A rod, a reel, a floating line, a leader, a spool of tippet, a box of flies containing two or three patterns (though you probably need only one), waders, a raincoat, and a hat, are all the gear required for summer steelhead fishing. For summer trout fishing the list is much longer. Trout fishing requires hatch matching; it demands fussing; it’s finicky to the point of irritation at times, but even at those moments, its rewards exceed its annoyances.
As I sit, waiting for the light to change at the old bridge while watching the line of sockeye snaggers standing waist deep in turbid water off the uppermost tip of Ferry Island, I riffle through my mental list of trout paraphernalia, making sure I haven’t forgotten a vital bit.
I always have three rods on board. I’ve forgotten wading boots and waders before, but no more. Now neither leaves the truck. There is always a raincoat, usually two, so that’s not a concern. My trout vest, with net attached, and a wading staff are kept aboard too, but it’s the minutiae, the stuff that an angler carries in his vest that must be replenished, and stuff that gets infrequent use that is easily forgotten. Stuff like fly floatant. Hugh gave me a new tube of makeup remover (the best fly floatant ever) which I recall sticking in a vest pocket. I put a caver’s lamp in the back pocket last week. Good there. I tied half a dozen midges on #18 hooks, put them in a peppermint tin, which I then stuck in my pocket. That base is covered. I refilled the spool of three pound test monofilament before my last trip, so I’m fine on that count. I’m wearing my shades, so, I’m good to go, as they say.
As usual, there is nobody on the river. The sun flickers through the trees on an oblique angle, lighting up the wings of mayflies engaged in a frenetic vertical mating dance above the path. Spider webs break against my face telling me that there has been nobody this way for at least a day.

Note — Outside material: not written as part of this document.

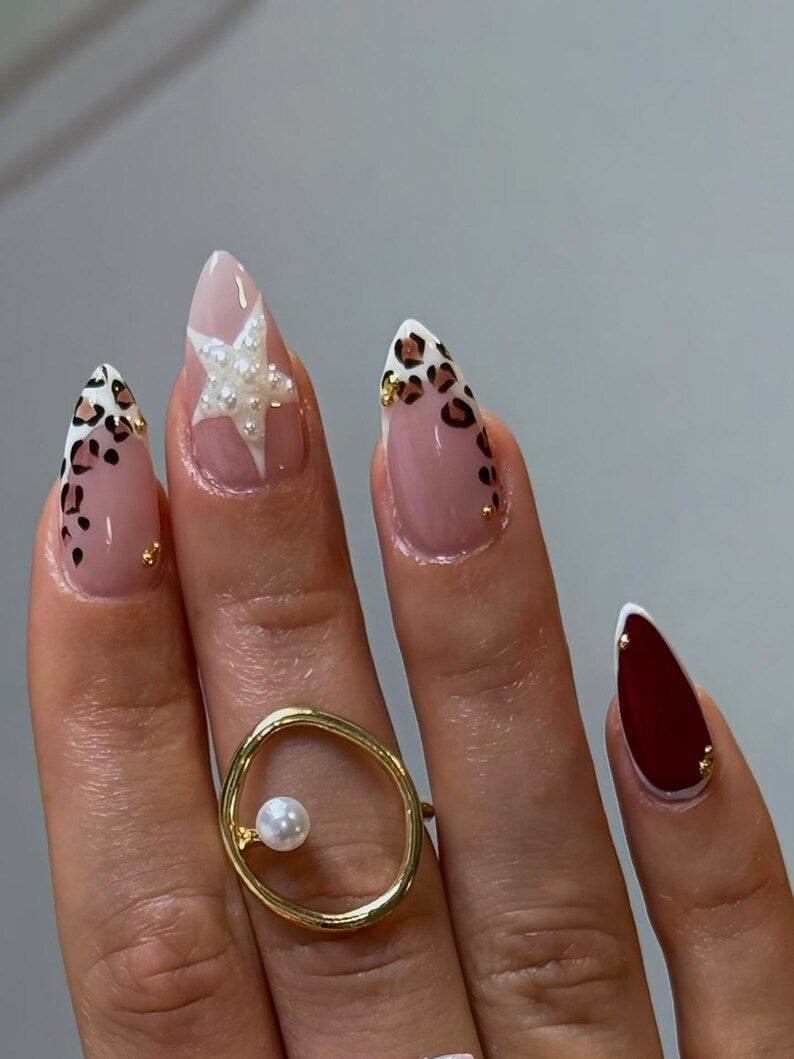 Red Tortoise Press On Nails,Custom Handmade Nail Set with Retro Y2K Design, French Tip Nails, Leopard Print nails, Fall nails, Birthday nail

I sit on the bench at Finlay’s memorial, put my rod together and then reach into my shirt pocket for my reading glasses.
They are not there. I’ve left them at home. I have a serious problem. Tying dinky flies on the end of three pound test nylon is not an easy task in the brightest light. Tying them on in the slanted, fading light of evening is harder still. Tying one on without glasses in those conditions is impossible.
I have a parachute dry fly on the end of the tippet. This reminds me of the one fly derbies held, probably still, in Montana, where each contestant was allowed a single fly of his or her choice, the eventual winner being the contestant who netted the most trout. An abrupt end to the derby came to those competitors who lost their fly to a trout or a snag.
In such a competition, I would have chosen a small muddler minnow. It may not catch as many fish as a fly that resembles whatever is hatching, but it will always catch fish. The parachute mayfly I have on would be farther down my list, but I have to go with it. I wade out and begin lengthening my line with false casts. The fly catches the leader. I wiggle the rod, thinking the fly will free itself. It doesn’t. Instead it balls up. I hold it up to the sky. The paramayfly looks like a fly caught in a spider’s web. I let the rod dangle in the current and attempt to sort out the mess. After five minutes of this nonsense, I wade to shore and snap the line then snip off the excess mess. Do I go or do I stay and attempt the daunting tasks of rebuilding the leader then tying on the fly?
I stay. Knotting three feet of three pound test to the leader proves relatively easy since I can do it mostly by feel. Getting the spidery nylon through the eye of a #14 muddler is another matter. I’m at it for ten minutes, holding the fly at arm’s length, poking, missing, while fighting off frustration. Then, miraculously, it’s through.
I got it! I crow to the dog. I tie the knot gingerly. I wade out far enough to ensure my back cast won’t catch the bankside vegetation then I pay out line slowly and send the muddler out for a swim. Minutes later a small fish grabs it. Don’t you swallow that thing, I think. It doesn’t. I grab the fly and twist it free. A few more six inch cutthroat, and a few more anxious moments; later a fish over twice that size nails the muddler. Knowing the chance of tying on another fly in the failing light of dusk is somewhere between slim and none, infuses the struggle with more excitement than it would have had under normal circumstances. I net the fish with great care and pluck the hook from its jaw. By nightfall four nice trout and somewhere around a dozen tads have mugged the little muddler. Enough fish to win my personal one-fly derby.